Work to be completed: Nothing in the records may be altered, and no picture may be included. Restate them in full.

Supplied data:
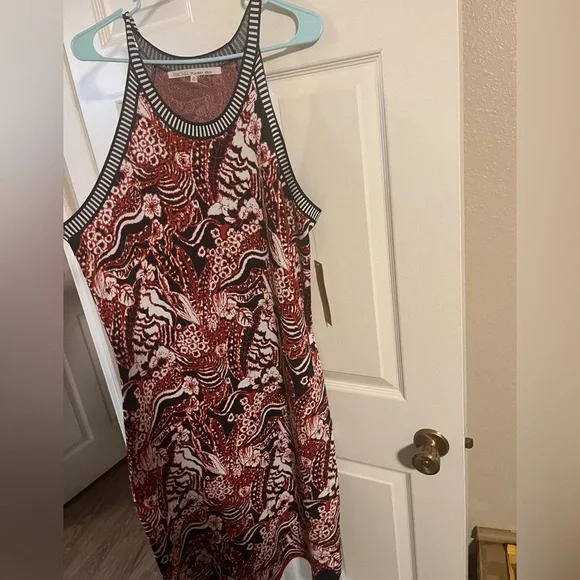 Rachel Roy Curvy Collection Red Sweater Dress Sz 2X - Picture 4 of 12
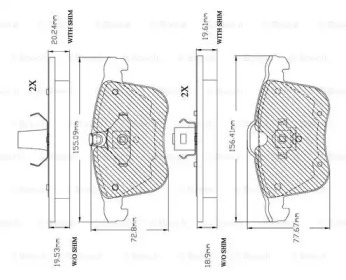 Комплект тормозных колодок (BOSCH: F 03A 150 030)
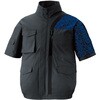 KF96010-KS079 空調風神服 チタン加工半袖ブルゾン(BL非対応 24Vジャパンモデル フラットハイパワーファンセット&バッテリーセット 2026)(KF96010) サンエス 72642730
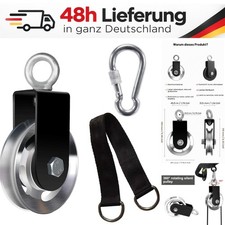 Seilrolle 90 mm mit U-Halteb&uuml;gel, 360&deg; schwenkbar, Tragf&auml;higkeit 150 kg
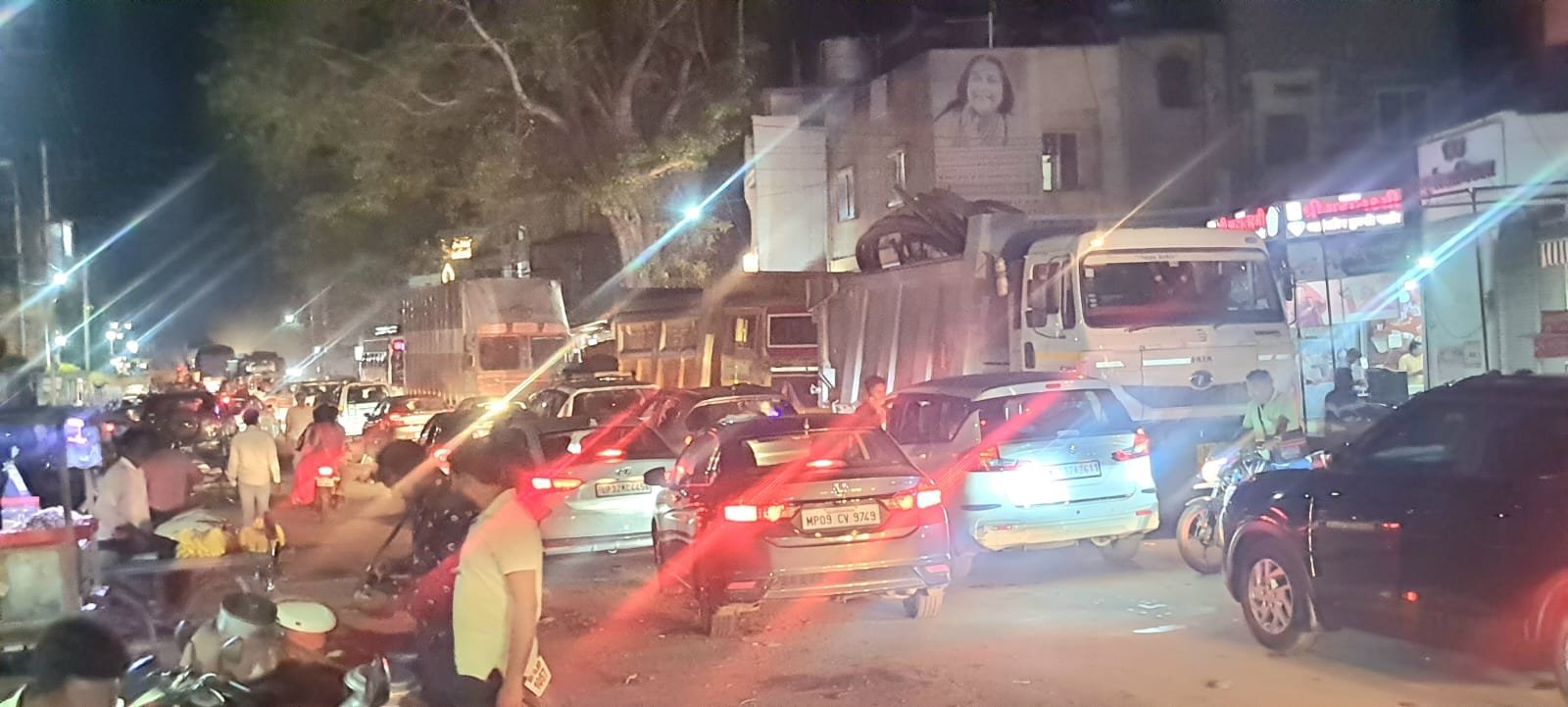 शिव पुराण कथा के एक दिन पहले मिली, यातायात व्यवस्था को लेकर पुलिस को चुनौती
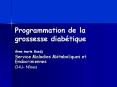 Programmation de la grossesse diab PowerPoint PPT Presentation
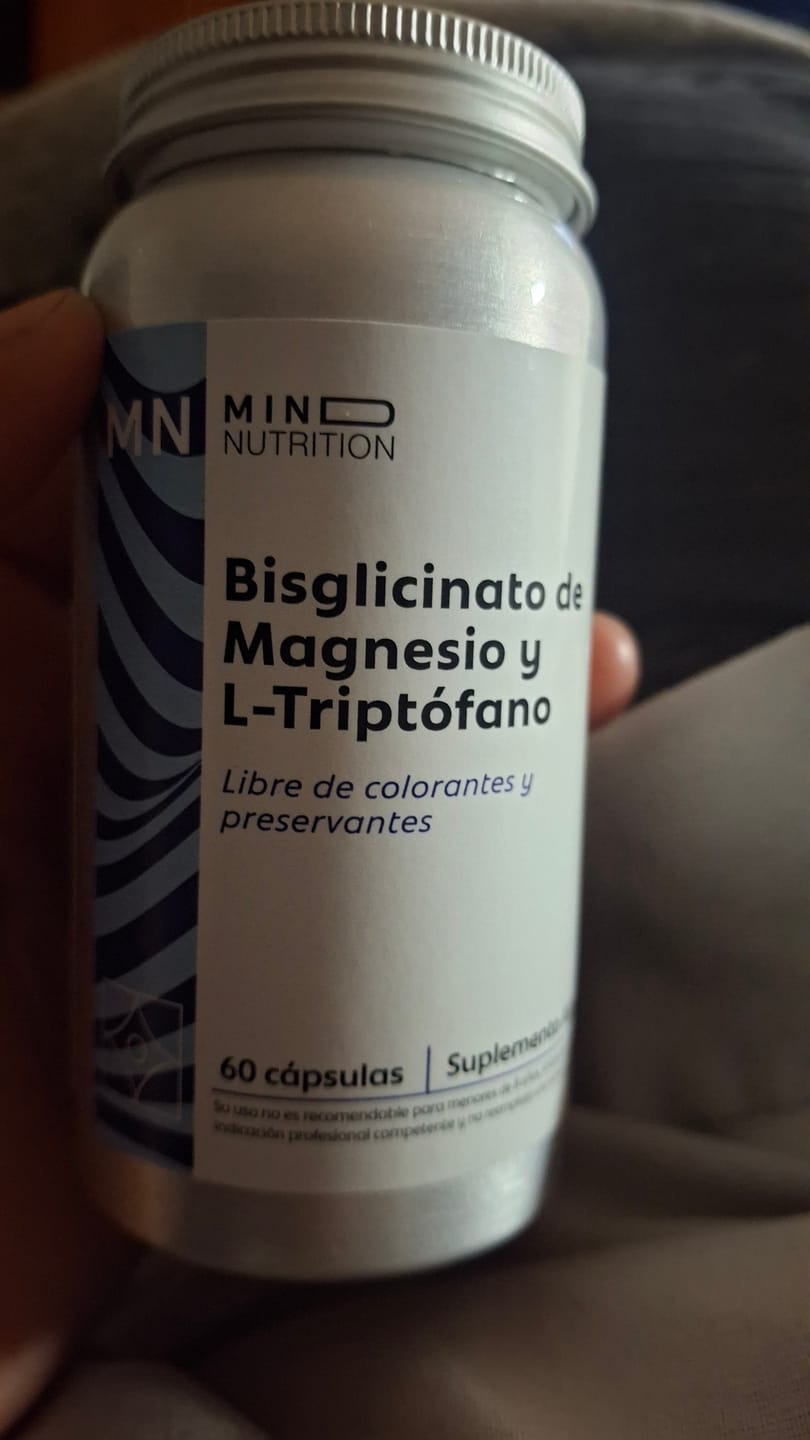 Customer photo review of Bisglicinato de Magnesio + L-TRP
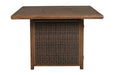 Paradise Trail Medium Brown Bar Table with Fire Pit - Gate FurnitureOutdoor Table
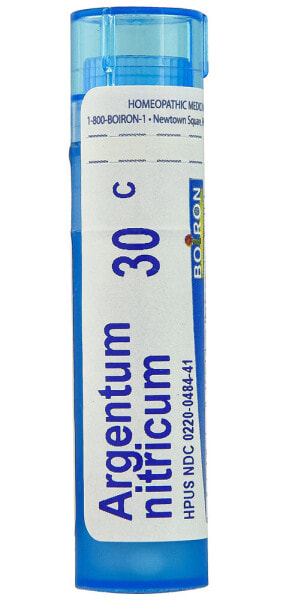 Boiron Argentum Nitricum 30C Гомеопатическое средство от страха сцены, опасений и перевозбуждения 80 пеллет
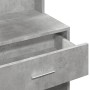 Tocador con mueble gris hormigón 80x35x132 cm de , Tocadores para dormitorios - Ref: Foro24-848237, Precio: 113,76 €, Descuen...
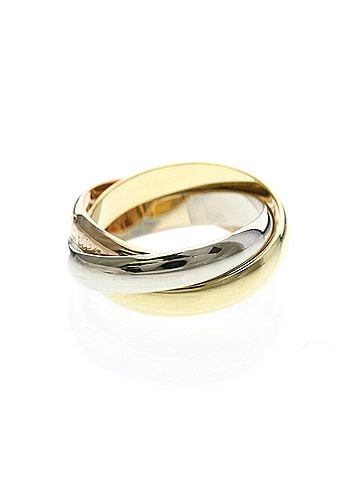 Cartier Cartier Trinity Ring Yellow Gold (18K),Pink Gold (18K),White Gold (18K) Fashion No Stone Band Ring Gold (view 2)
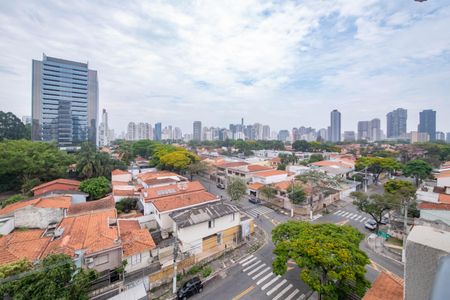 Vista do Varanda do Studio de kitnet/studio para alugar com 1 quarto, 24m² em Vila Cordeiro, São Paulo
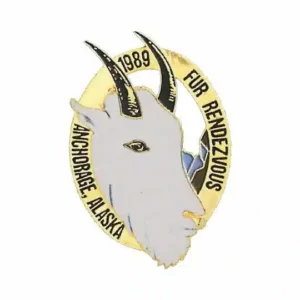 1989 Official Fur Rondy Collector Pin - Rondy Value Listing $98.00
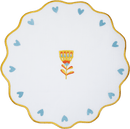 Tovaglietta tonda con ricamo in Lino Mamma Mia Baci Milano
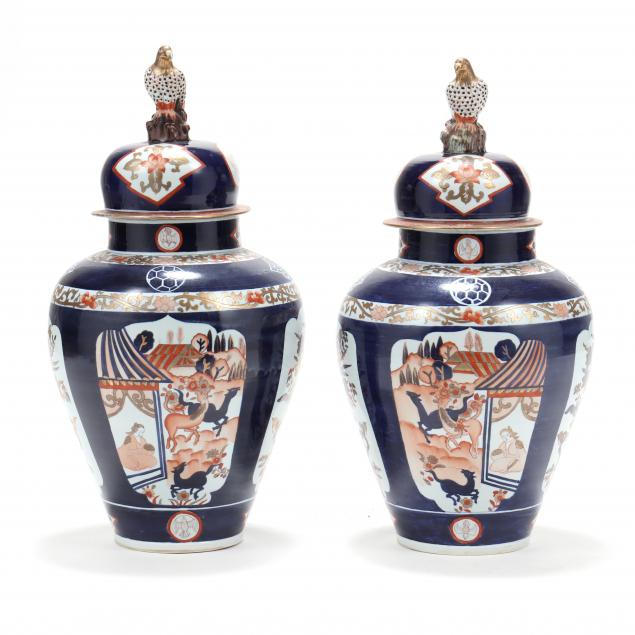 a-pair-of-large-imari-jars-with-covers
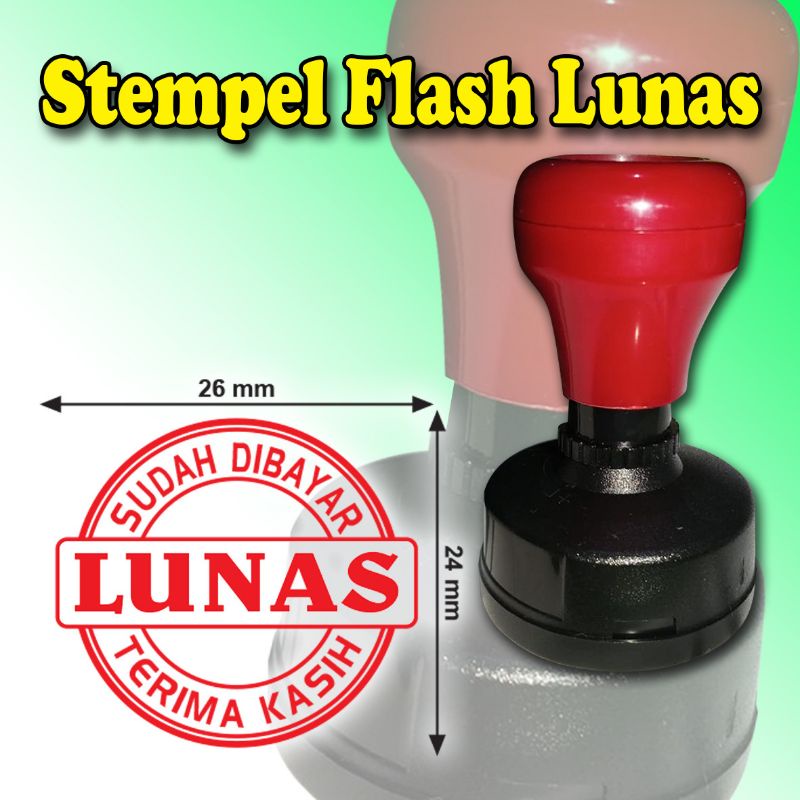 Jual Stempel Warna Lunas Stempel Lunas Bulat Stamp Setempel Shopee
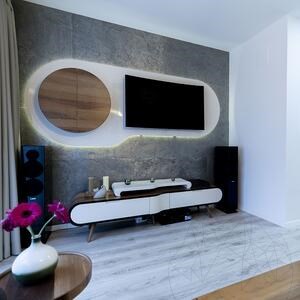 Ardoise flexible SKIN MicroStone 1mm - Silver Shine, 280 x 125 cm | Pierre ultra-flexible pour murs, meubles, parements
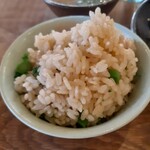 食堂カウ - 塩豚と菜の花の土鍋ごはん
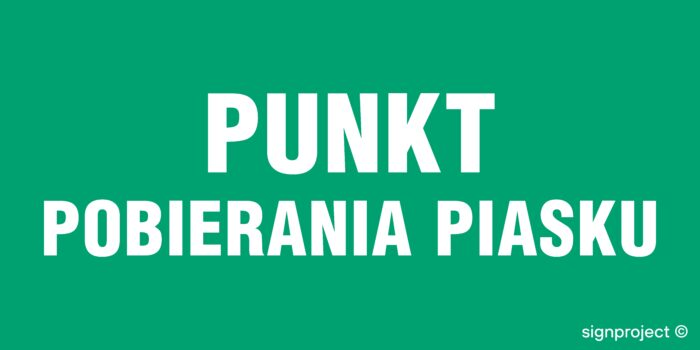 NA010 Punkt pobierania piasku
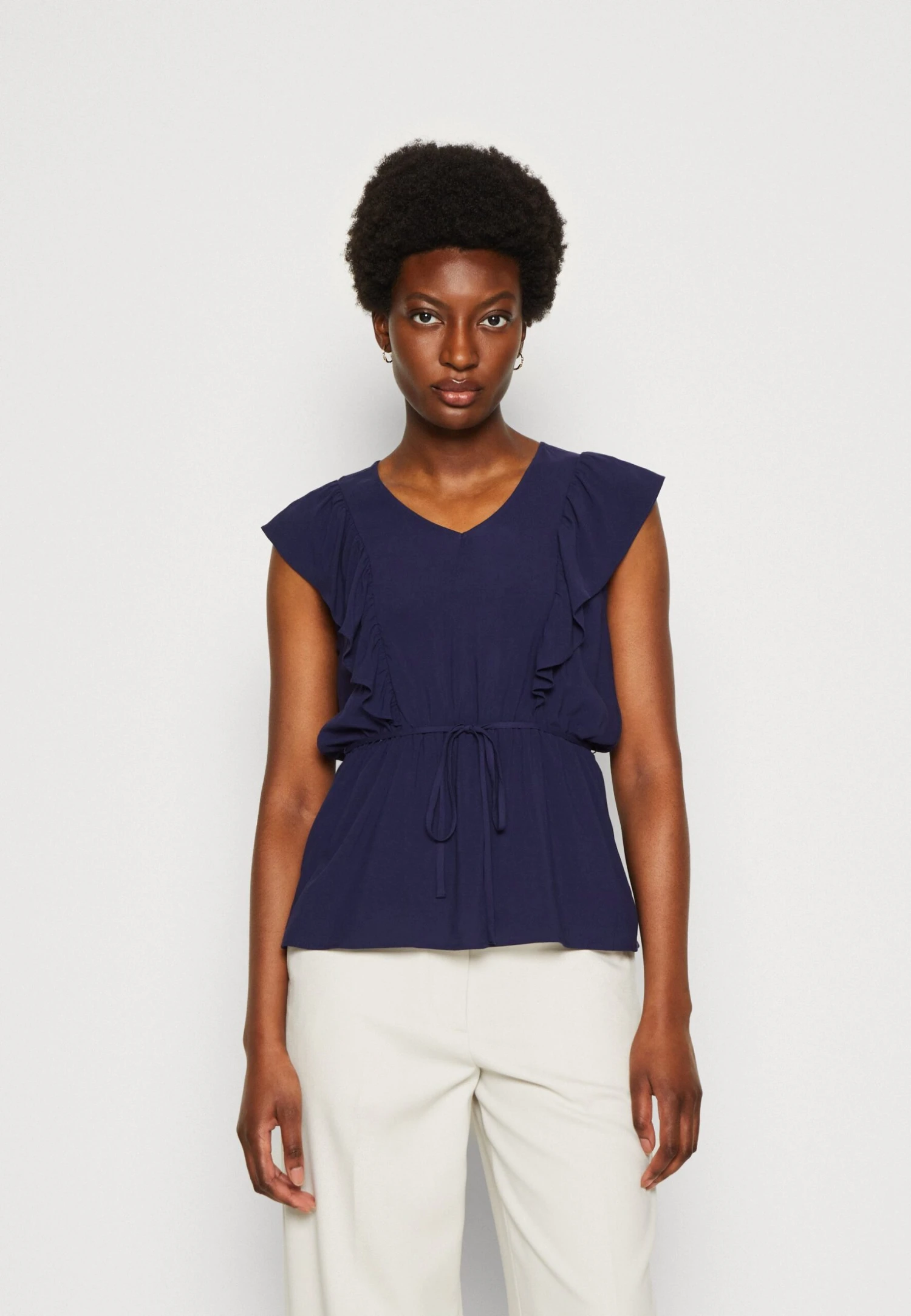 Anna Field Top - Dark Blue 1 Anna Field Top - Dark Blue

Answer to this problem:
 Rachel Roy Curvy Collection Red Sweater Dress Sz 2X - Picture 4 of 12
 Комплект тормозных колодок (BOSCH: F 03A 150 030)
 KF96010-KS079 空調風神服 チタン加工半袖ブルゾン(BL非対応 24Vジャパンモデル フラットハイパワーファンセット&バッテリーセット 2026)(KF96010) サンエス 72642730
 Seilrolle 90 mm mit U-Halteb&uuml;gel, 360&deg; schwenkbar, Tragf&auml;higkeit 150 kg
 शिव पुराण कथा के एक दिन पहले मिली, यातायात व्यवस्था को लेकर पुलिस को चुनौती
 Programmation de la grossesse diab PowerPoint PPT Presentation
 Customer photo review of Bisglicinato de Magnesio + L-TRP
 Paradise Trail Medium Brown Bar Table with Fire Pit - Gate FurnitureOutdoor Table
 Boiron Argentum Nitricum 30C Гомеопатическое средство от страха сцены, опасений и перевозбуждения 80 пеллет
 Tocador con mueble gris hormigón 80x35x132 cm de , Tocadores para dormitorios - Ref: Foro24-848237, Precio: 113,76 €, Descuen...
 Cartier Cartier Trinity Ring Yellow Gold (18K),Pink Gold (18K),White Gold (18K) Fashion No Stone Band Ring Gold (view 2)
 Vista do Varanda do Studio de kitnet/studio para alugar com 1 quarto, 24m² em Vila Cordeiro, São Paulo
 1989 Official Fur Rondy Collector Pin - Rondy Value Listing $98.00
 Tovaglietta tonda con ricamo in Lino Mamma Mia Baci Milano
 a-pair-of-large-imari-jars-with-covers
 Jual Stempel Warna Lunas Stempel Lunas Bulat Stamp Setempel Shopee
 Ardoise flexible SKIN MicroStone 1mm - Silver Shine, 280 x 125 cm | Pierre ultra-flexible pour murs, meubles, parements
 食堂カウ - 塩豚と菜の花の土鍋ごはん
 NA010 Punkt pobierania piasku
 Anna Field Top - Dark Blue 1 Anna Field Top - Dark Blue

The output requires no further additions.